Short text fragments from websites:
....................

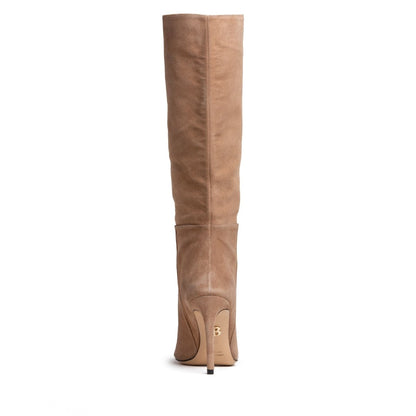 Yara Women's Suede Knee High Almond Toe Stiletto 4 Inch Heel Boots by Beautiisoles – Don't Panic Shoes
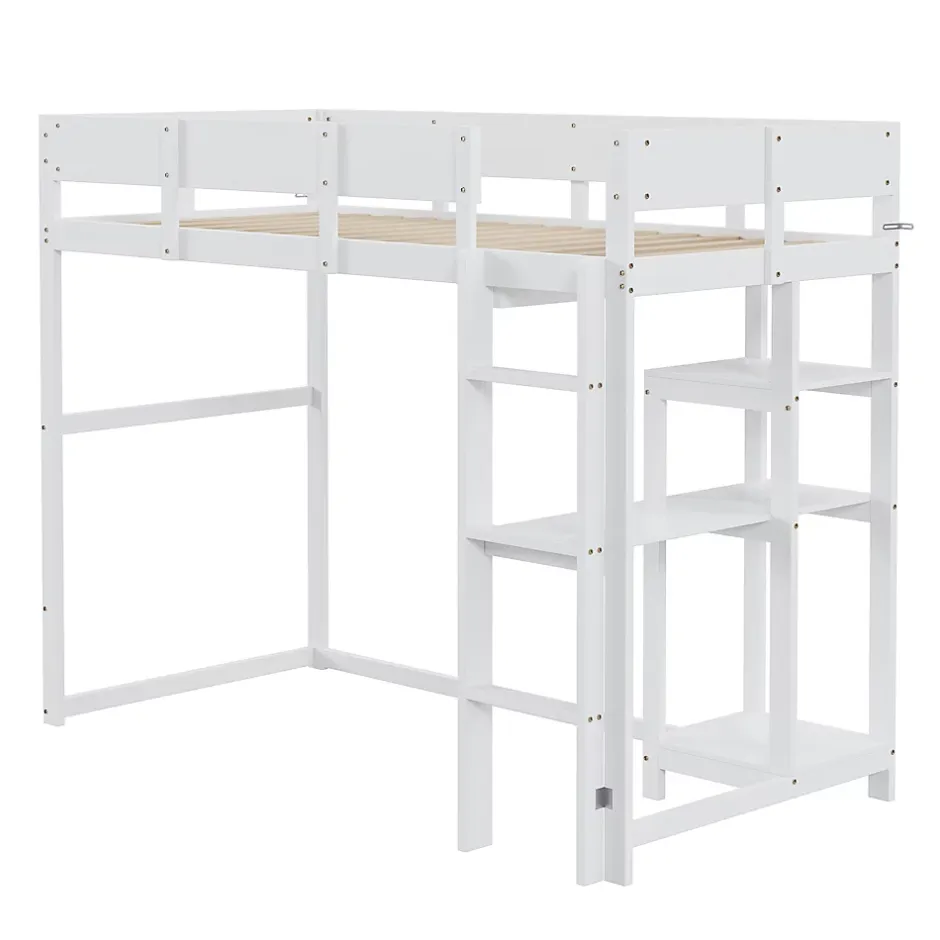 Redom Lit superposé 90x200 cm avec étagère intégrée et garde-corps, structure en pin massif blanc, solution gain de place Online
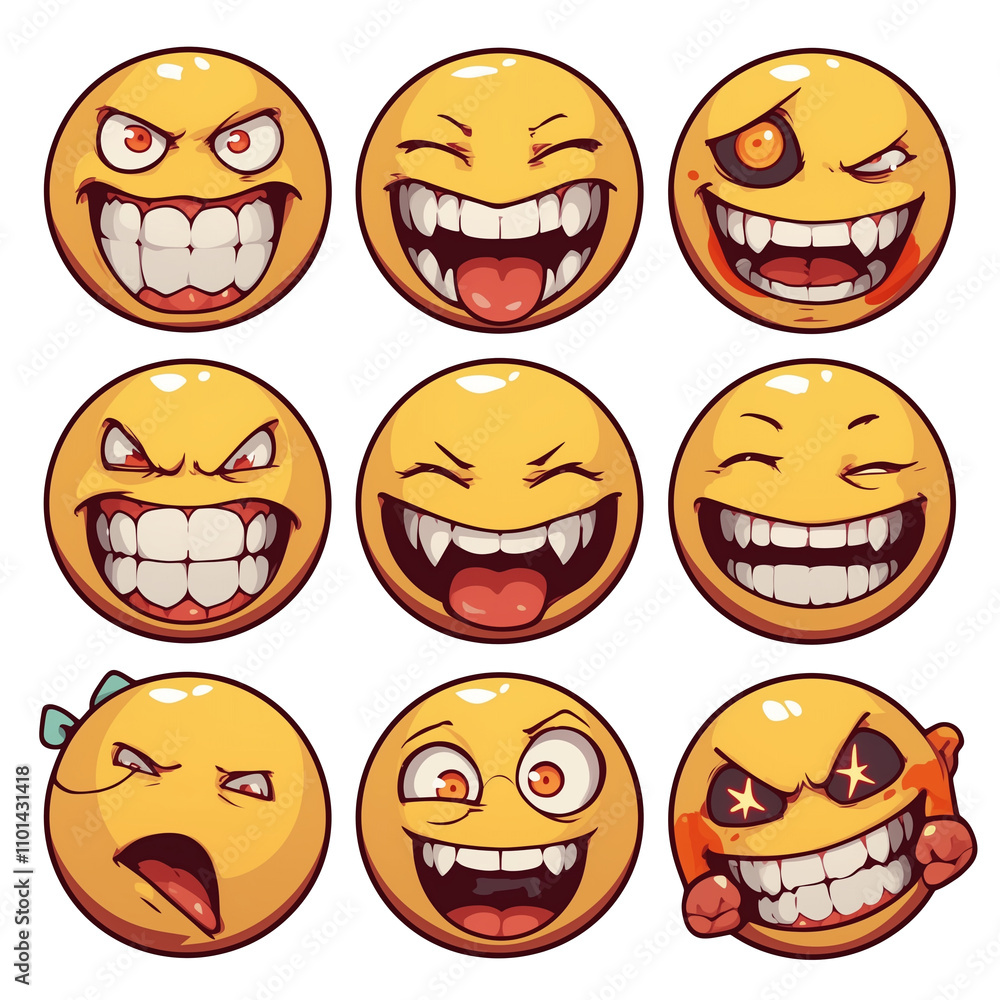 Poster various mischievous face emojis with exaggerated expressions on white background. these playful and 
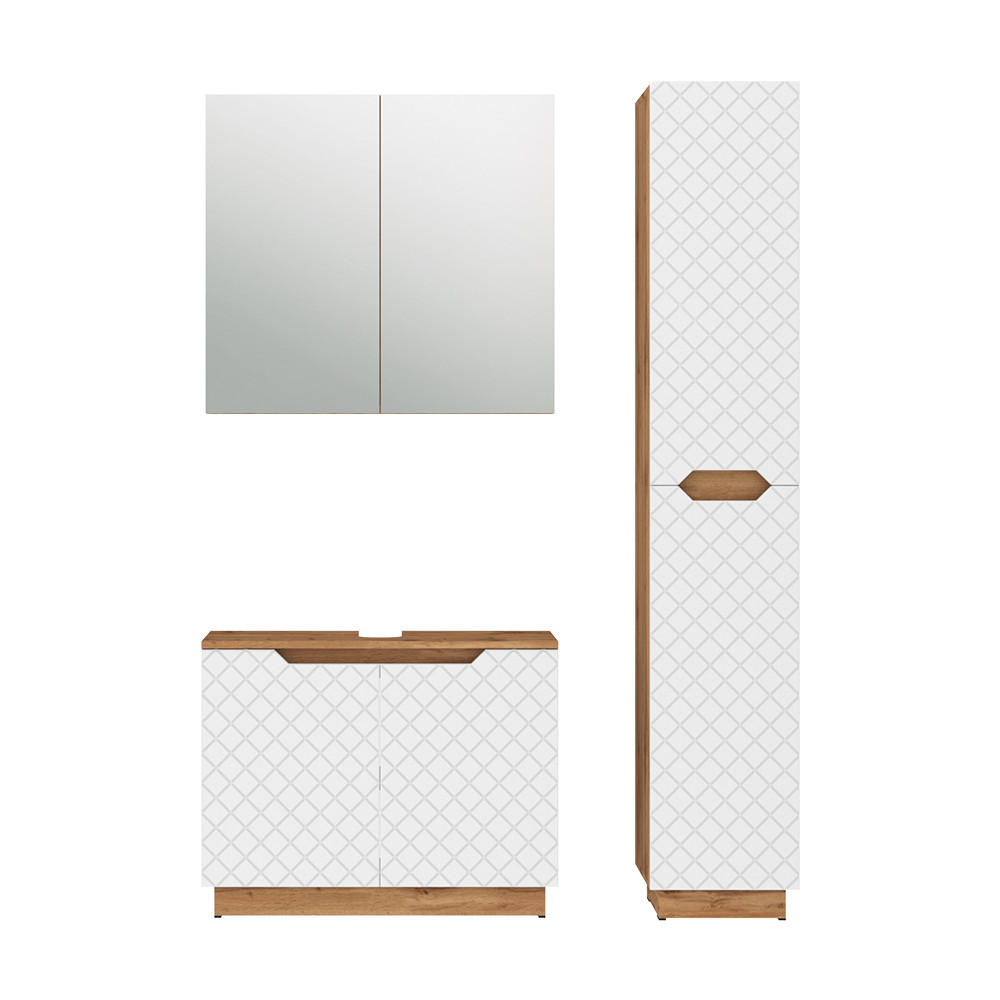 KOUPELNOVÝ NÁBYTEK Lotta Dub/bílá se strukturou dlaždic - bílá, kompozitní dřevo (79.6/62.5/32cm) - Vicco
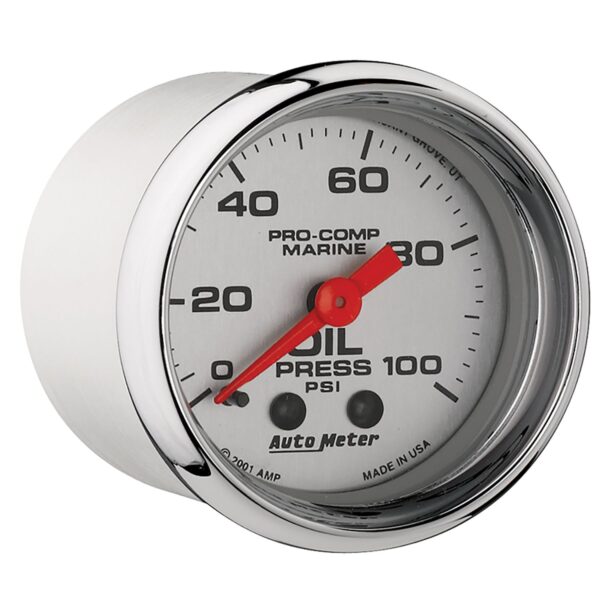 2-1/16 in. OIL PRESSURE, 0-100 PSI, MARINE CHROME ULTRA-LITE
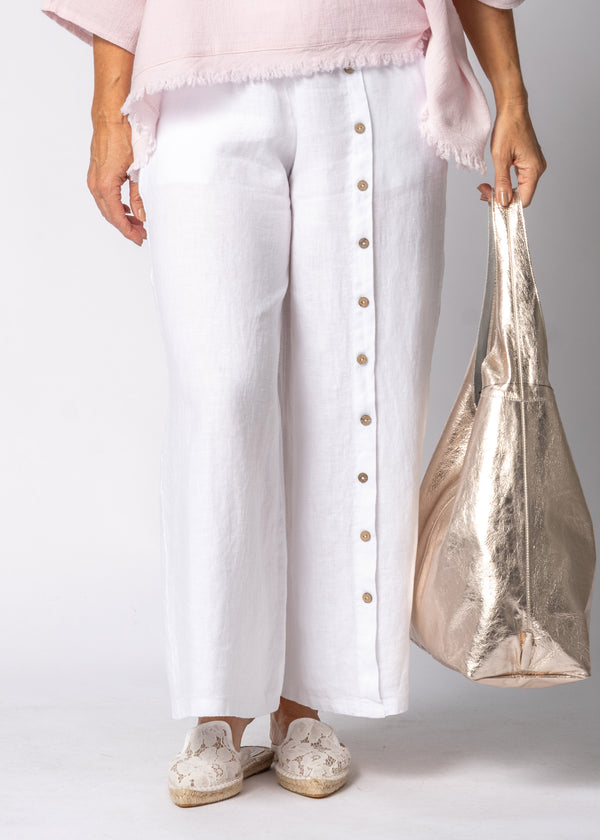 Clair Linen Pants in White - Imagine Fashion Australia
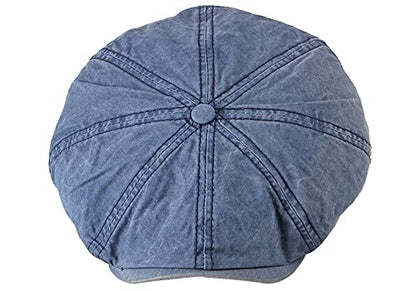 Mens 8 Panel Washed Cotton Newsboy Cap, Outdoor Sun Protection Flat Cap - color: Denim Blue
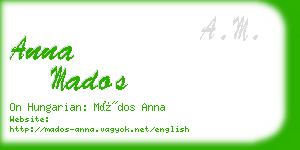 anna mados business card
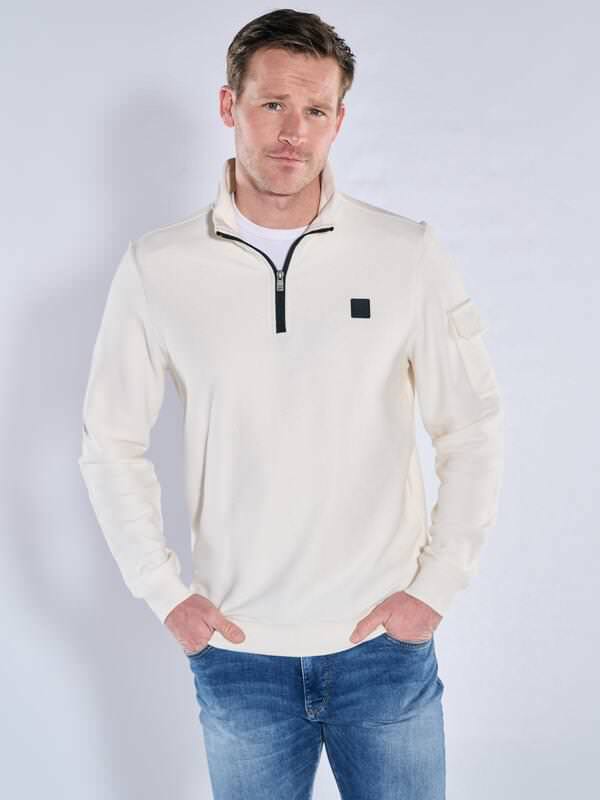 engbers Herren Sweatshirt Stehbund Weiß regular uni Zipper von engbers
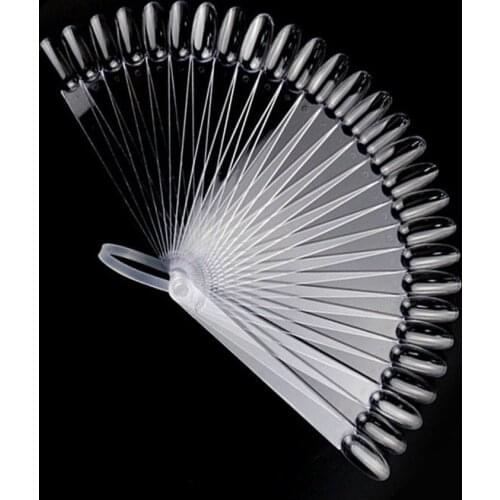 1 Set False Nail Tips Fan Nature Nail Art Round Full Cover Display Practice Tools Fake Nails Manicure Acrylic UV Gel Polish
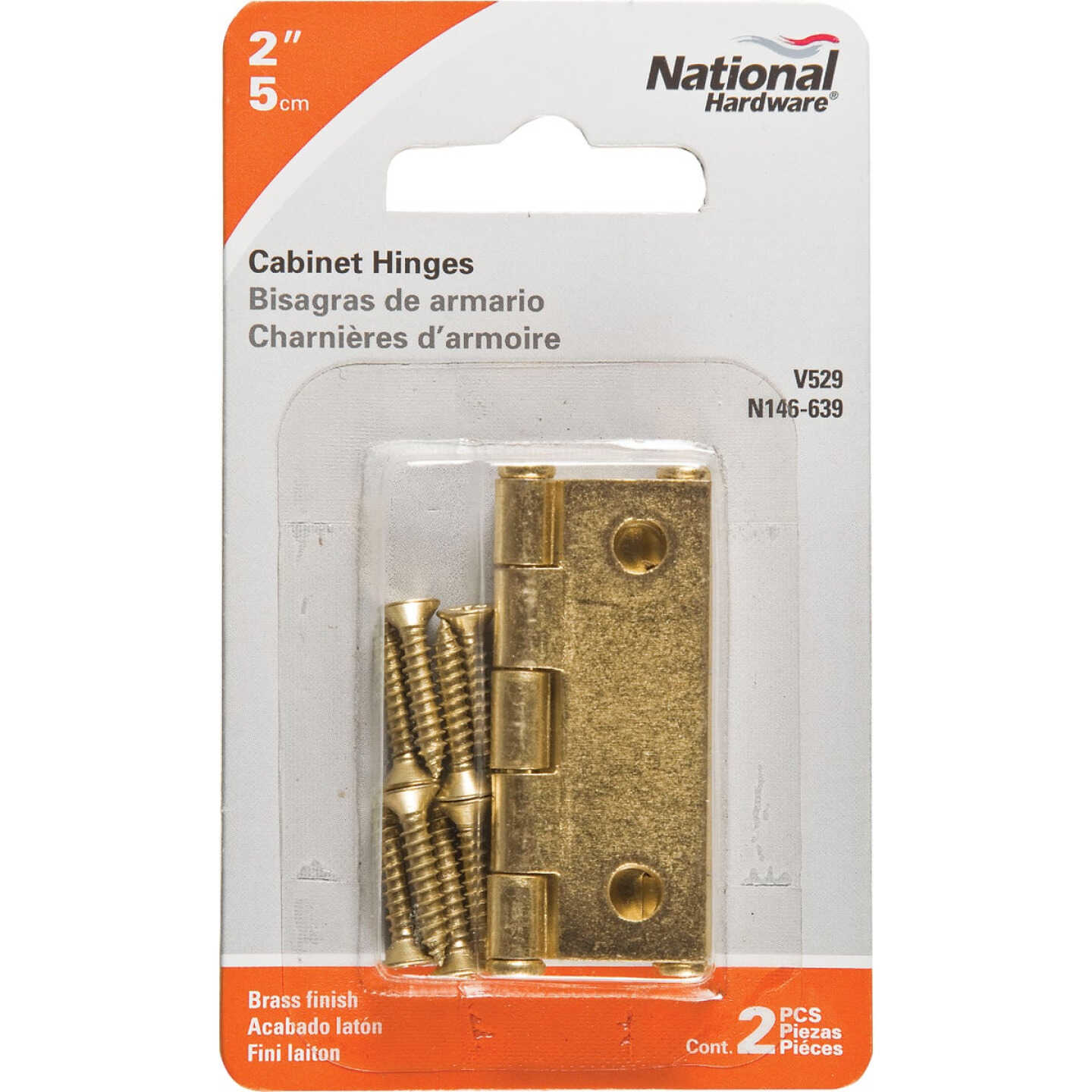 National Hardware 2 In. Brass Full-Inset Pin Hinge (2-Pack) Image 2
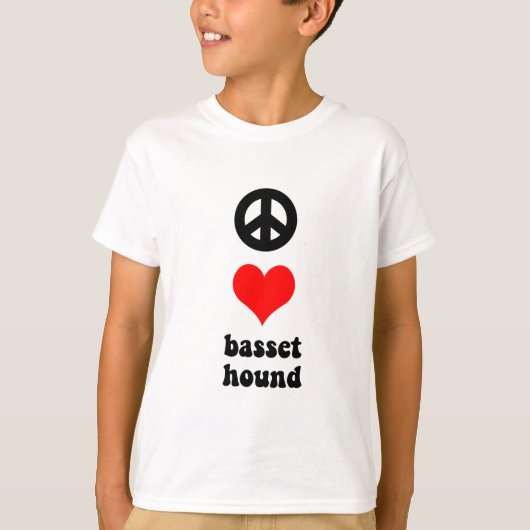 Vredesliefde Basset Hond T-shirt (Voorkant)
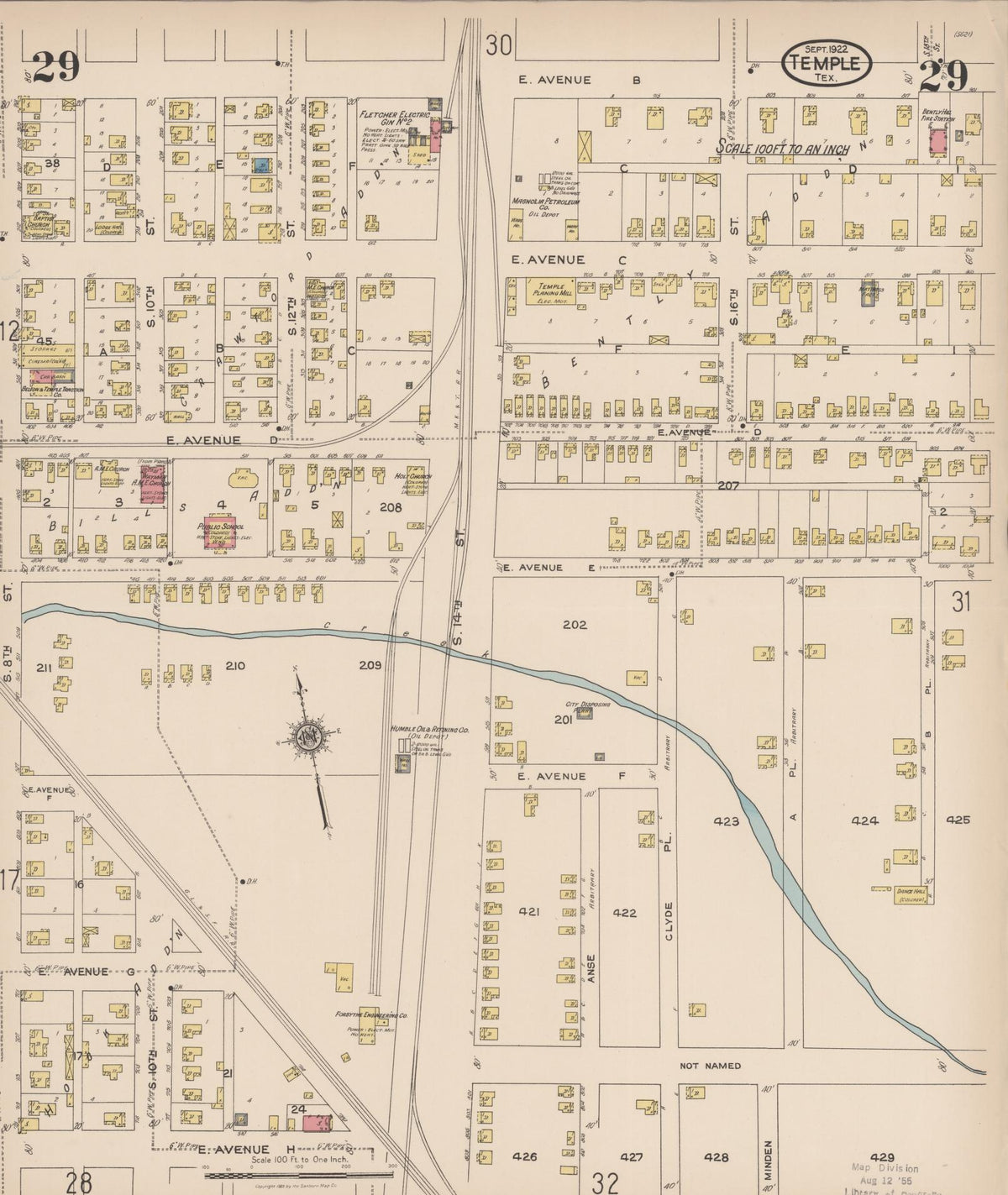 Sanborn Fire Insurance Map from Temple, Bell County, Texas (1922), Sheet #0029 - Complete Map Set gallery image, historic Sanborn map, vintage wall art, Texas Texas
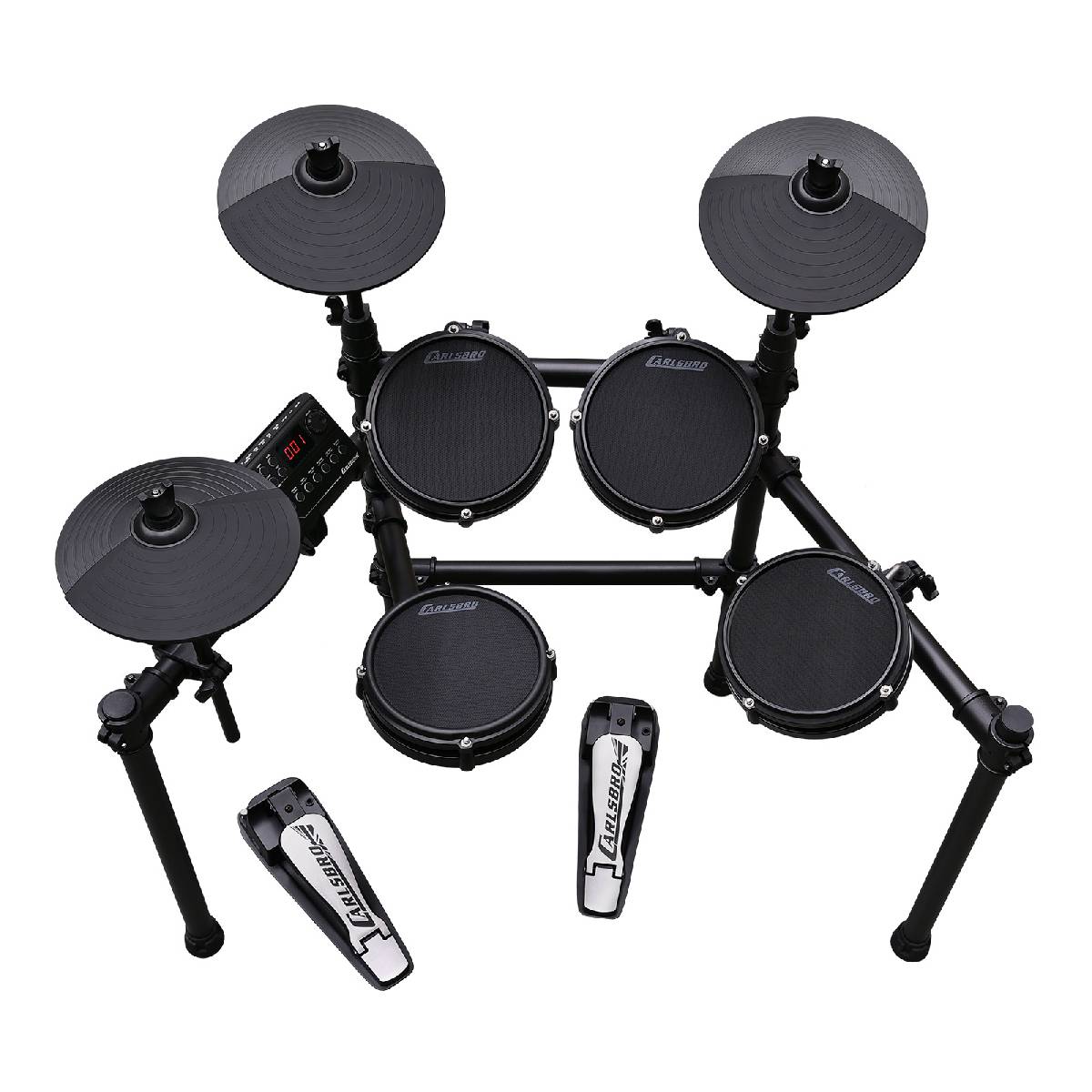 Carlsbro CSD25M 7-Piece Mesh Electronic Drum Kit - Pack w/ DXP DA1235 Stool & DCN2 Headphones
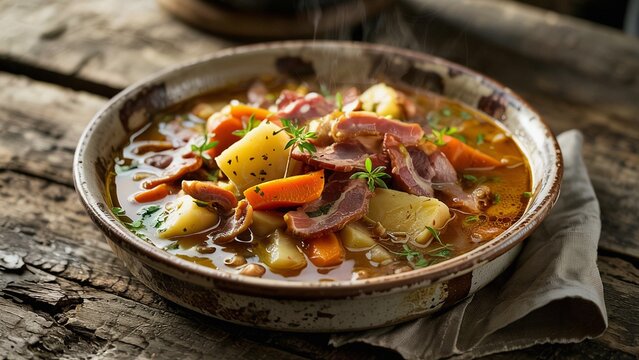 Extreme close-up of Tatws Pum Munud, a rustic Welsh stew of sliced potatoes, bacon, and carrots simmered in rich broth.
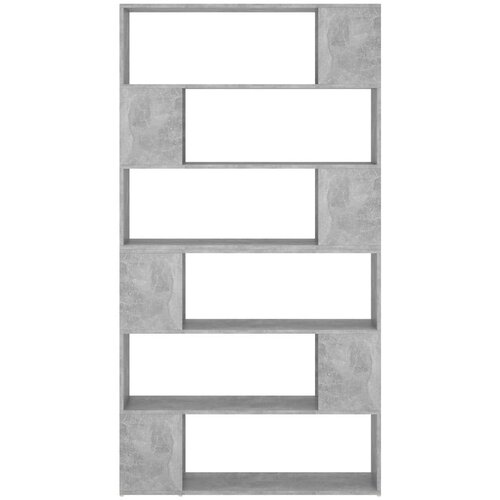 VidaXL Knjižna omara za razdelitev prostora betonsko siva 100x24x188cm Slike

....................

The problem:
Look above for the line with "Mens 8 Panel" and the line with "Vredesliefde Basset Hond T-shirt (Voorkant)", then copy exactly the lines from the first through the second, both kept, with no pictures.

Result for this task:
 Mens 8 Panel Washed Cotton Newsboy Cap, Outdoor Sun Protection Flat Cap - color: Denim Blue
 anna mados business card
 engbers Herren Sweatshirt Stehbund Weiß regular uni Zipper von engbers
 1 Set False Nail Tips Fan Nature Nail Art Round Full Cover Display Practice Tools Fake Nails Manicure Acrylic UV Gel Polish
 National Hardware 2 In. Brass Full-Inset Pin Hinge (2-Pack) Image 2
 Vredesliefde Basset Hond T-shirt (Voorkant)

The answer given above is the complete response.